The Donnas, “Spend the Night” (Atlantic, 2002)
This where their trademark Runaways-meets-Kiss bubblepunk/hard-rock swagger thickens into truly wrecking-ball-swinging dimensions. Teen-delinquent putdowns whose snot-nosed wit is just the icing on the perfectly hook-laden cake. But fuck, man, those guitars
Try 1, 3, 5
7/29/12

The Creamers, “This Stuff’ll Kill Ya” (Triplex, 1994; original release 1988-91)
Late ‘80s punk from L.A. – pure ’77-style Pistols/Ramones hook-a-rama rush/roar, but with a stripped-down propulsion that lets you know hardcore had made its mark on them as well.
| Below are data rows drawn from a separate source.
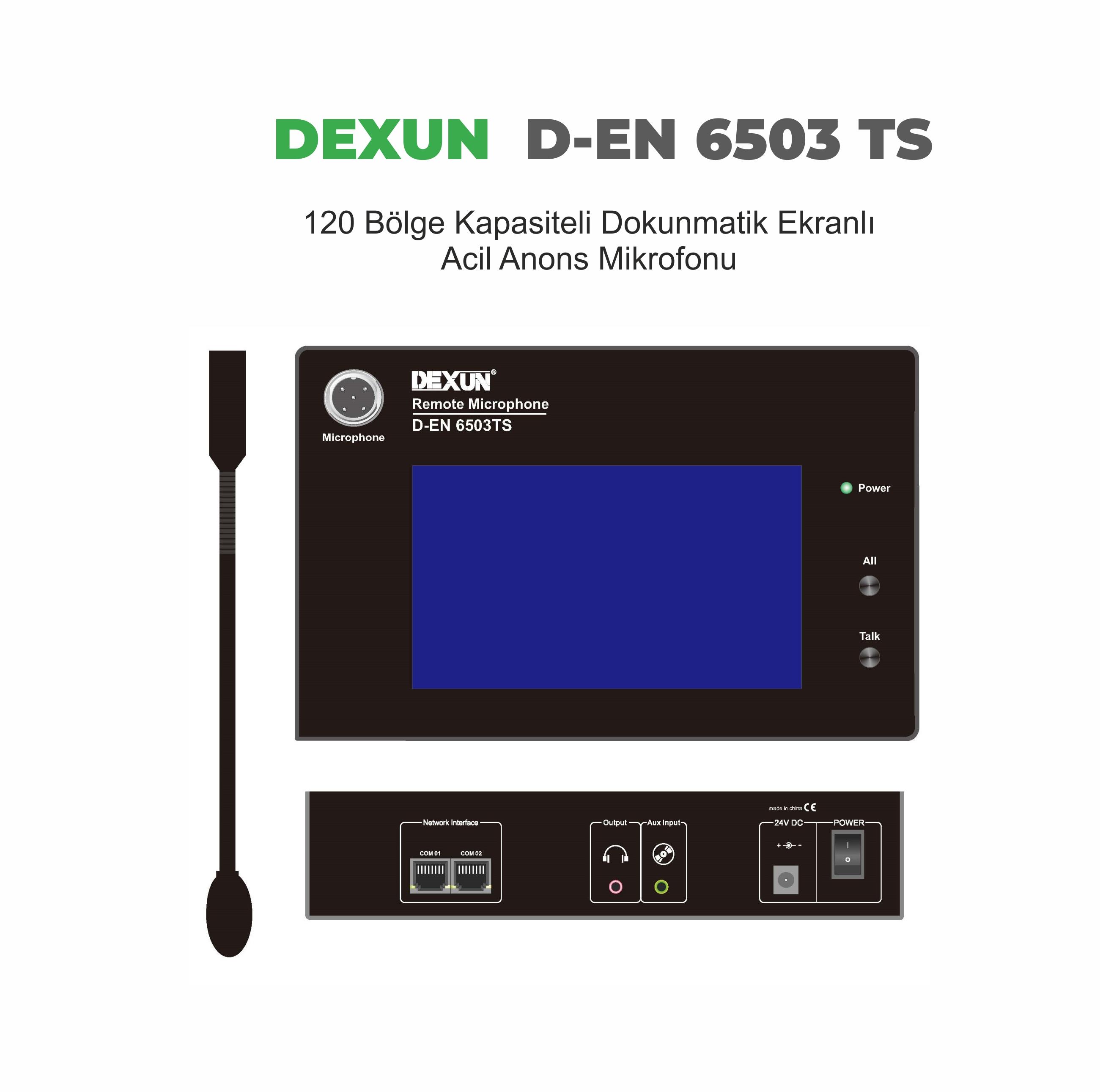 Dexun D-EN 6503 TS 120 BÖLGE KAPASİTELİ DOKUNMATİK EKRAN ACİL ANONS MİKROFONU
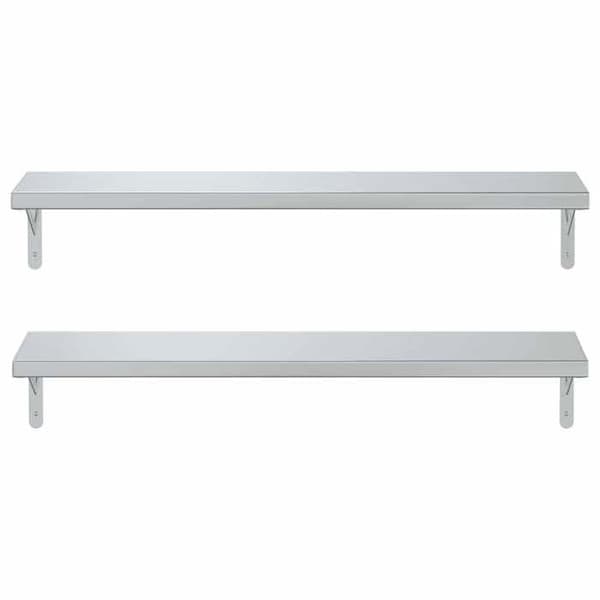 Maison Exclusive - Væghylder 2 stk 100x23,5 cm sølvfarvet rustfrit stål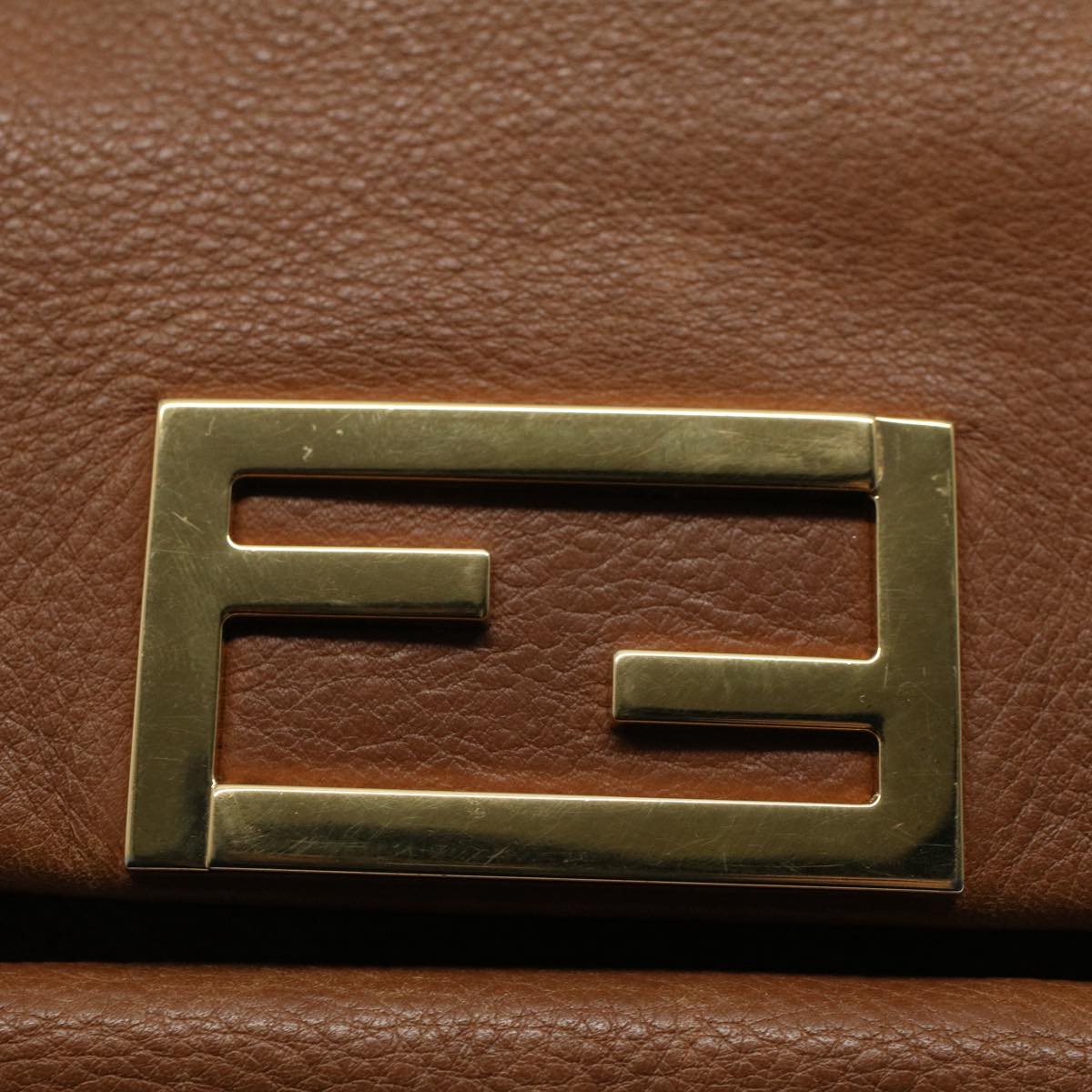 FENDI Chain Shoulder Bag Leather Brown bs10189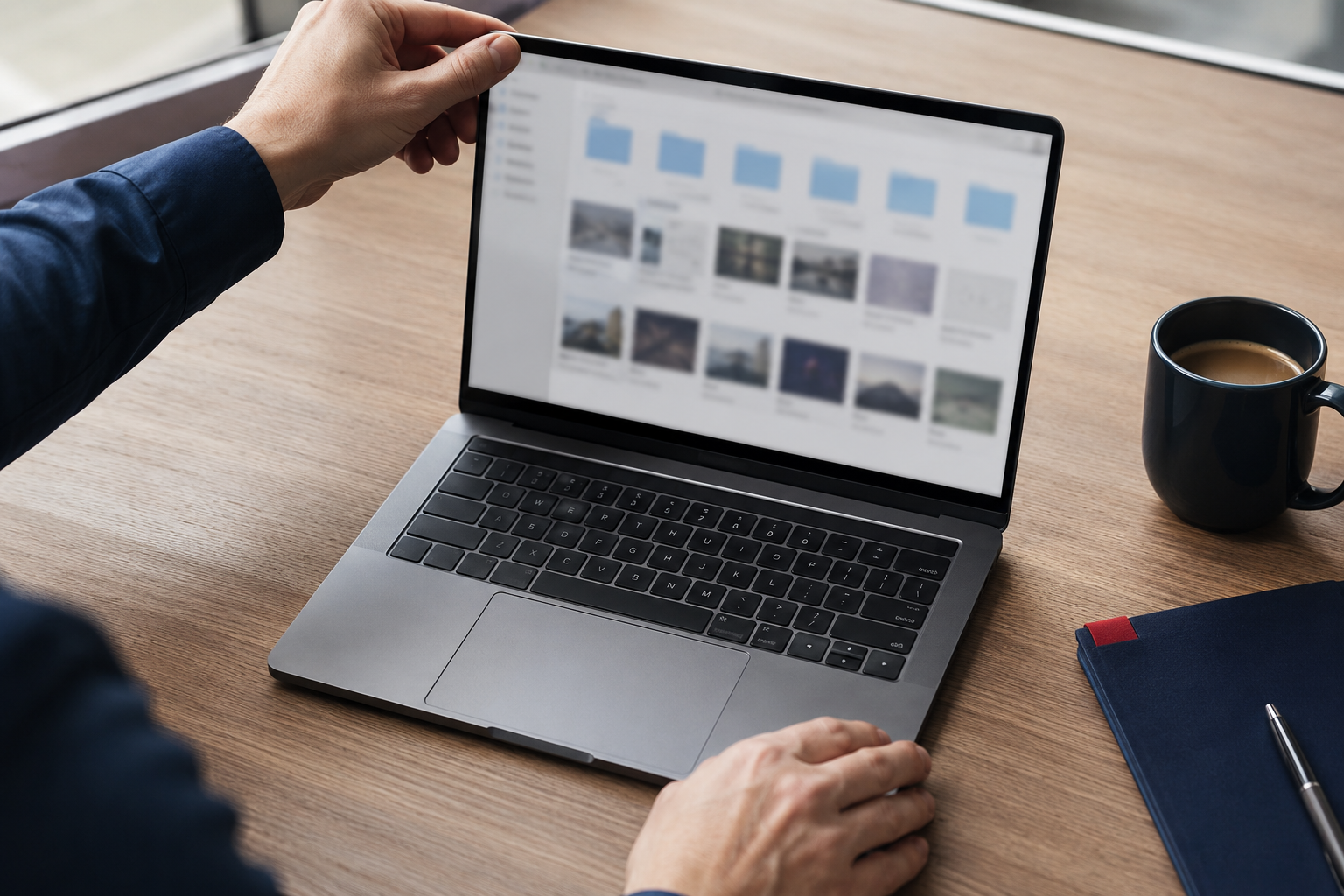 Hands reviewing a laptop folder of prepared social media content for local businesses
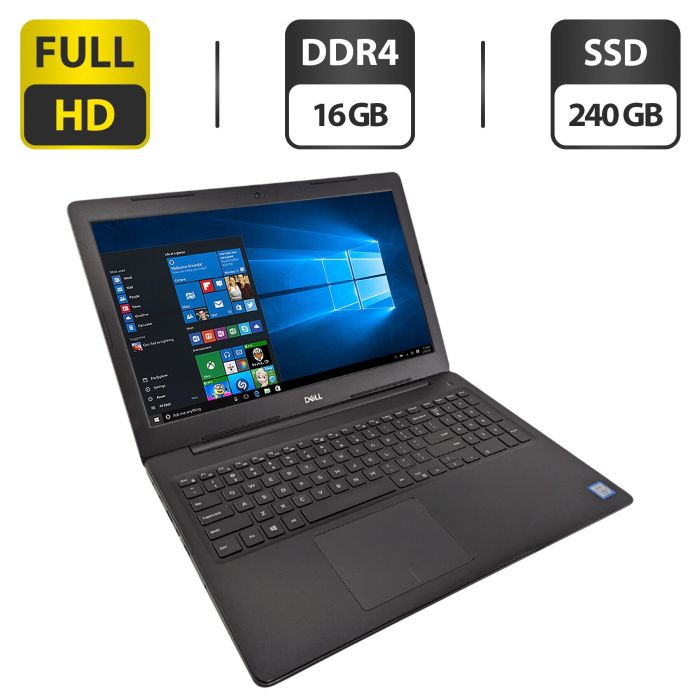 Ноутбук Dell Latitude 3590 / 15.6" (1920x1080) TN / Intel Core i5-8250U (4 (8) ядра по 1.6 - 3.4 GHz) / 16 GB DDR4 / 240 GB SSD / Intel UHD Graphics 620 / WebCam б/в - зображення 1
And instead of the revolutionary conviction/expectation of the late ‘70s, there’s a hard-nosed engagement with the concrete specifics of day-in/day-out experience, alternately resigned and combative, that fit with a time when the “cognoscenti” had written this music off as a doomed fringe (and B. J. Armstrong and Mr. Coban were still playing in basements and VFW halls). Nor were there many bands in those pre-riot grrl days with women on lead vocals and both lead and rhythm guitars. So love the Creamers for their irrepressible pioneer/defender-of-the-faith spirit, but mostly, if you love punk rock, love them for their bottomless goodie-bag of awesome songs. Start with 1 (“Broken Record’ [about Johnny Thunders and his “monkey”]), 4, 5 (“No Big Deal”), 6, 11, 21 (“What Will The Neighbors Think?”)
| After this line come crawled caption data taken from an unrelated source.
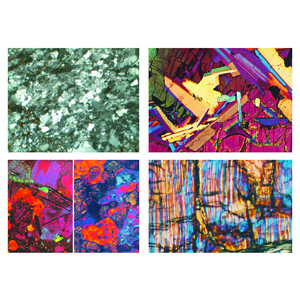 LIEDER Tunna bergartssnitt serie VI Fossil och meteoriter (4 bilder)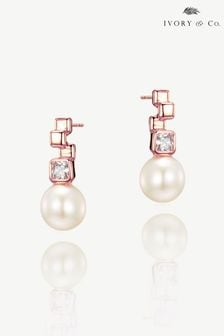Ivory & Co Rose Gold St Louis Crystal Modern Abstract Pearl Drop Earrings (K82760) | €35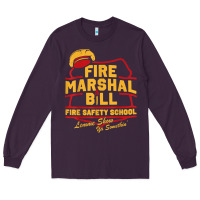 Plum fire marshal bill fire safety school funny firefighter t shirt Long Sleeve Tee - PixelFlow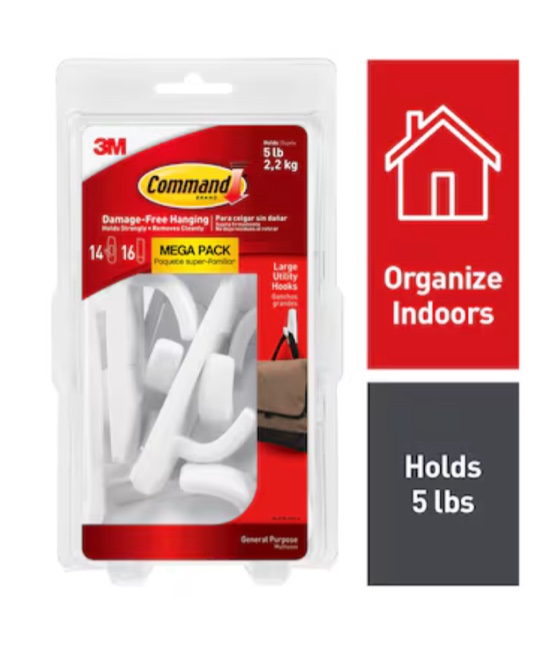 Command Large 14-Pack White Adhesive Storage/Utility Hook (5-lb Capacity)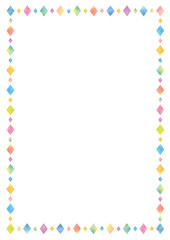 Watercolor colorful diamonds on white background - vertical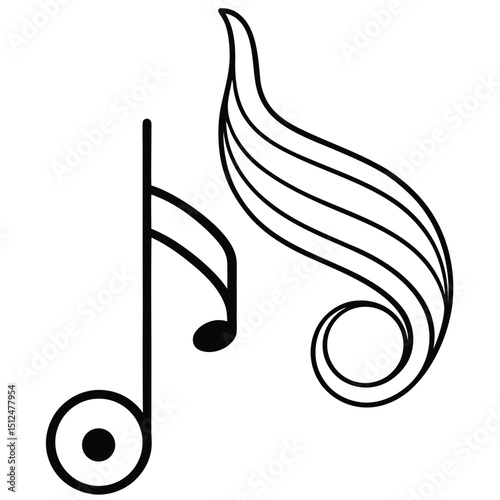 Musical treble clef vector illustration icon, a symbol of sound and melody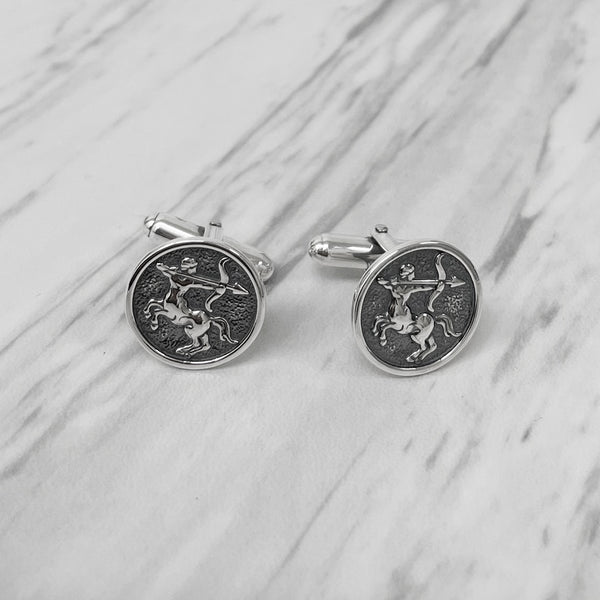 Sagittarius Oxidised Sterling Silver Cufflinks
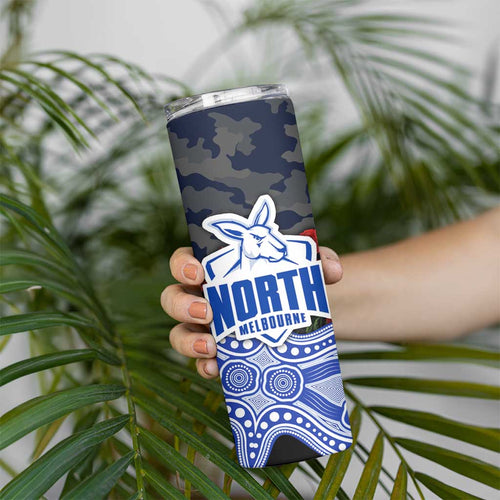 North Melbourne Kangaroos ANZAC Day Skinny Tumbler Indigenous Dot Art with Poppy Flower Tribute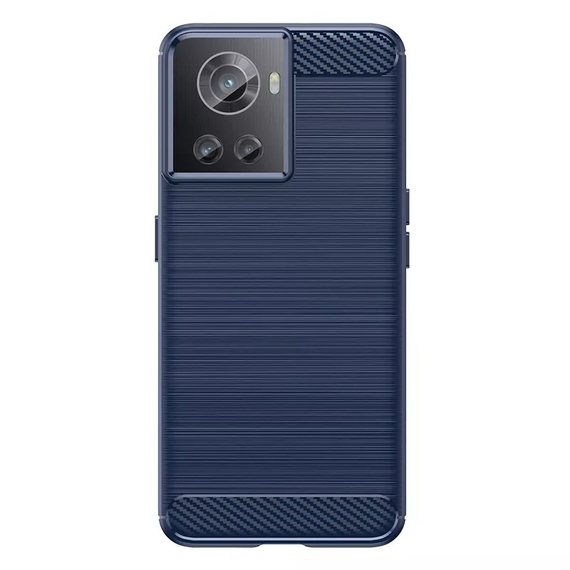 Мягкий чехол синего цвета в стиле карбон для OnePlus 10R и OnePlus Ace, серия Carbon от Caseport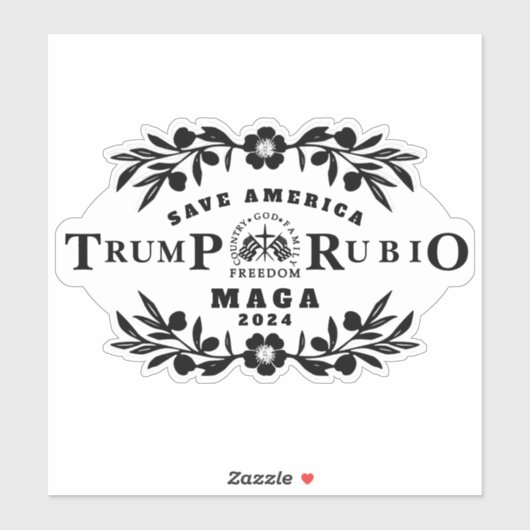 47 Trump Rubio 2024 Aufkleber (Blatt)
The Chipmunks, “Chipmunk Punk” (Excelsior, 1980)
No Crucifucks covers here, and indeed “Chipmunk Skinny-Tie Power Pop And AOR” would have been a more descriptive title, but this is still a genuinely strange and fascinating artifact. For some reason their voices sound creepier than ever on this material.
Try A/1, A/ 2, A/4; B/2.
4/19/13

The C.I.A. “The C.I.A.” (In The Red, 2018)
Not a covert government venture into the cloak-and-dagger world of garage-punk, but rather another Ty Segall side project, and one of the best. As with GØGGS, the key is recruiting a more aggressive singer than him, and here it’s his wife, who wails with exquisite blank alien fury over a more geometrical/postpunkish four-chord treble-clatter than usual, on behalf of some fine tuneage.
Try 1/1, 1/ 2, 1/5, 2/2
4/7/19

The Clash, “Give ‘Em Enough Rope” (CBS, 1978)
Second LP by U.K. punk’s frontline commandos, this one produced by Blue Oyster Cult impresario Sandy Pearlman, and it does add a concomitant heavy-metal edge, fleshing out the debut’s newsreel style into an action-film panorama of menace.
Try 1/ 3, 2/1
6/18/18

The Clash, “The Clash” (CBS, 1977)
Original U.K. version, and an essential punk document. Built-for-speed storming attack, guitars hissing and roaring against one another, shouted vocals like hastily spray-painted slogans.